_Work required:_ From the entries below, say how many lines carry the word "album", and give nothing but the number.

_Records supplied:_
________________
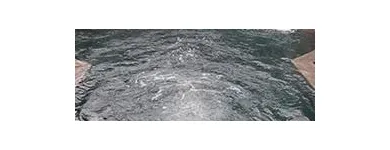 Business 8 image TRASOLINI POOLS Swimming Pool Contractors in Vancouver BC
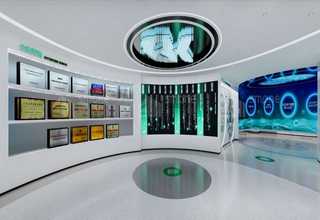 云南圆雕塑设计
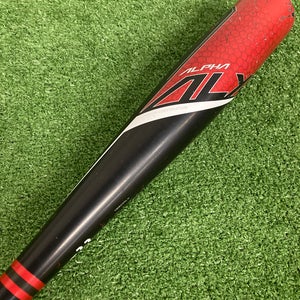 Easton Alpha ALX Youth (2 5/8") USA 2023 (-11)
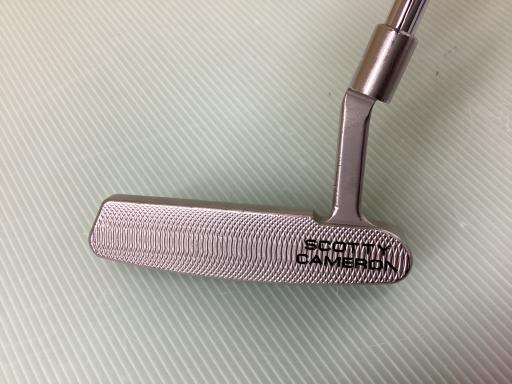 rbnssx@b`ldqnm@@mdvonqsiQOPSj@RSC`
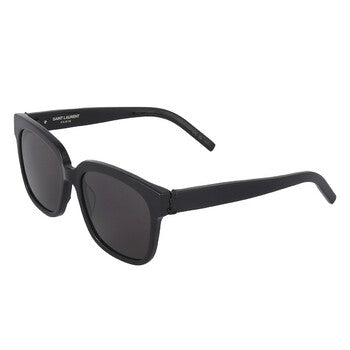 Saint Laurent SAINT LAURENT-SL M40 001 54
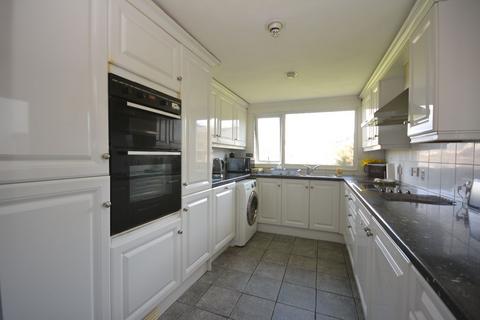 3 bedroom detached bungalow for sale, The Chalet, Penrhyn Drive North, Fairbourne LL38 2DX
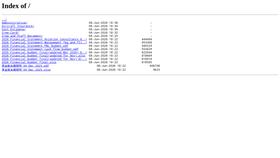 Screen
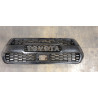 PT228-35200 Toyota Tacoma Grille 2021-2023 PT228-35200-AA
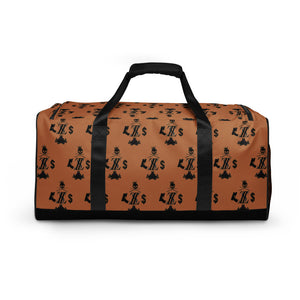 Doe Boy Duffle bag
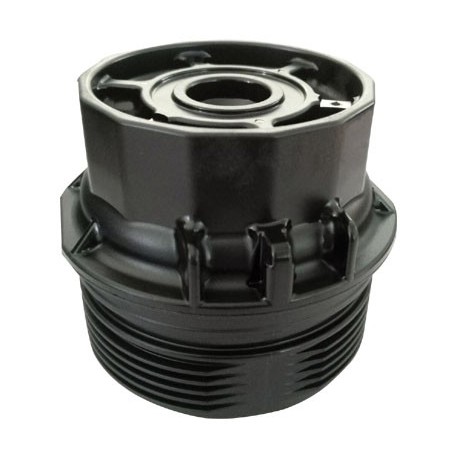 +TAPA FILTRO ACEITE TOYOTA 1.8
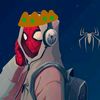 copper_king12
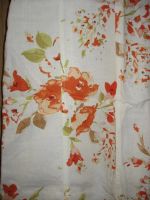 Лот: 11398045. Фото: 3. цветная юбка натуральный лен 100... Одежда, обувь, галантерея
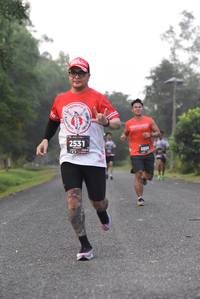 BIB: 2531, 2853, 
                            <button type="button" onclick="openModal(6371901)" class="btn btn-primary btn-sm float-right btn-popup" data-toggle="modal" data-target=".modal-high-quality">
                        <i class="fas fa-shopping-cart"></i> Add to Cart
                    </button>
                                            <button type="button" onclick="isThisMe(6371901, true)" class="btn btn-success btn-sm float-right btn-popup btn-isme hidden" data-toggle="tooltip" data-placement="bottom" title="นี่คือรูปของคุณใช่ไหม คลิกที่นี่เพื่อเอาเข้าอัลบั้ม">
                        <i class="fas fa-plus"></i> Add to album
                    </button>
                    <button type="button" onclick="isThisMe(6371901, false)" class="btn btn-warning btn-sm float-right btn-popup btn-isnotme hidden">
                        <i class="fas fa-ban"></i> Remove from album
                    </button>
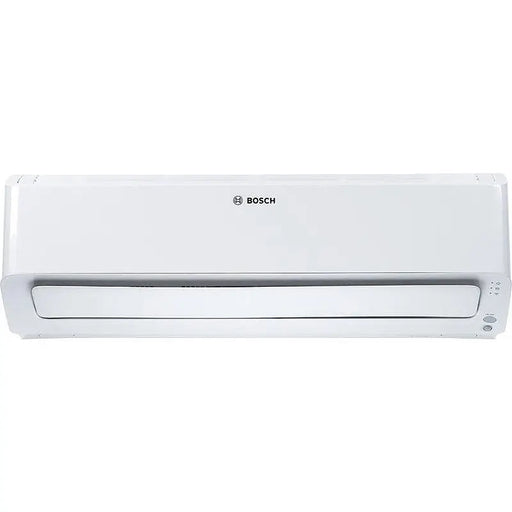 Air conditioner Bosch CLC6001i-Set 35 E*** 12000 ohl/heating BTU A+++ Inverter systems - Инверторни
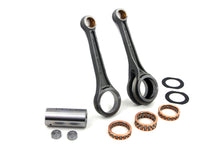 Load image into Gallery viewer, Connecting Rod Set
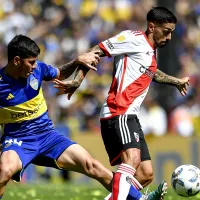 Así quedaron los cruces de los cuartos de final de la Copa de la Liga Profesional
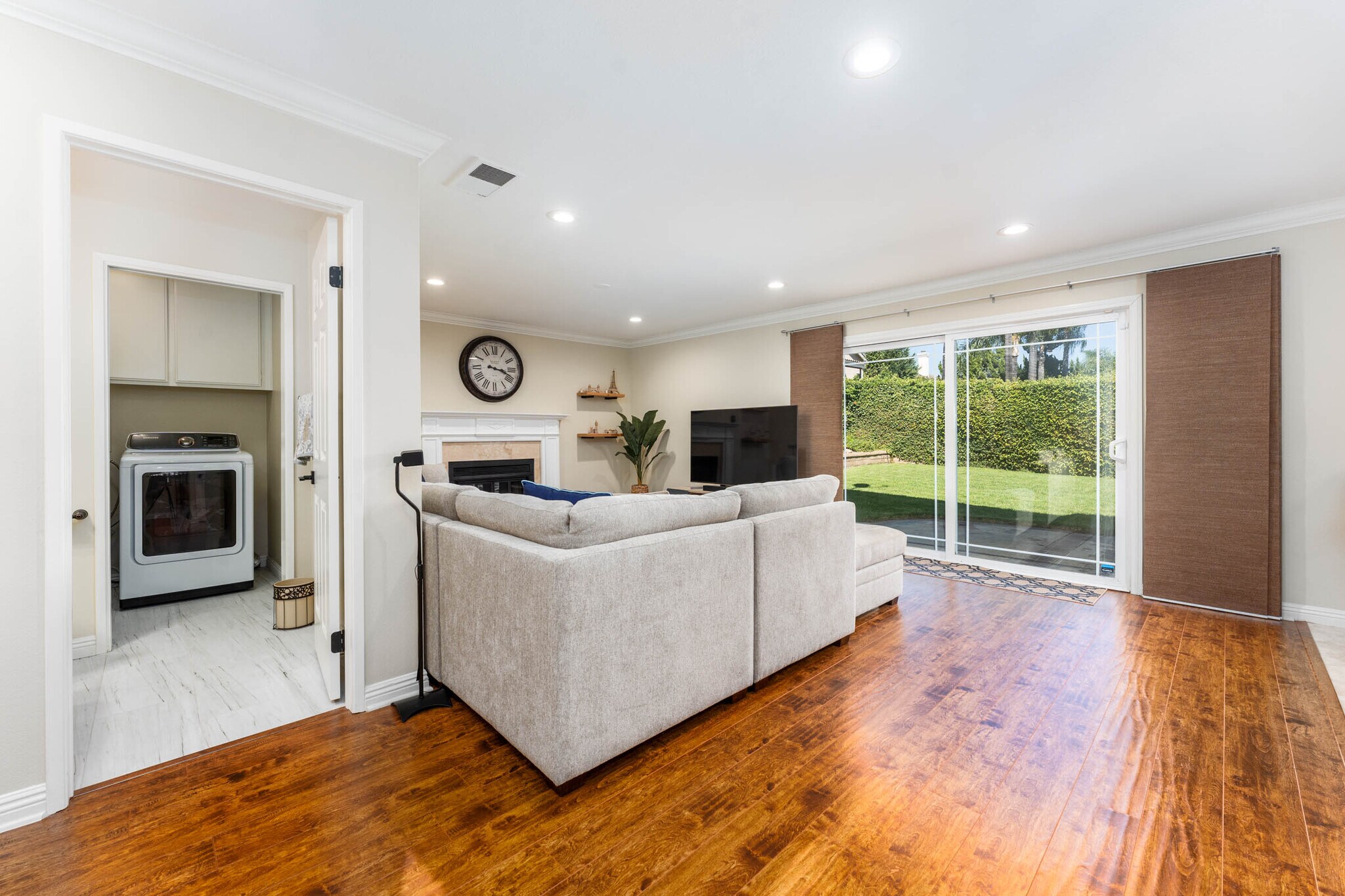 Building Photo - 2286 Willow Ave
________________
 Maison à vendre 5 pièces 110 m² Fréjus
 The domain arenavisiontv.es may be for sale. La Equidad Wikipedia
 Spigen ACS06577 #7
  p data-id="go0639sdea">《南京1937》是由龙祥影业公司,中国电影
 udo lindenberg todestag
________________
_Problem solution:_ 2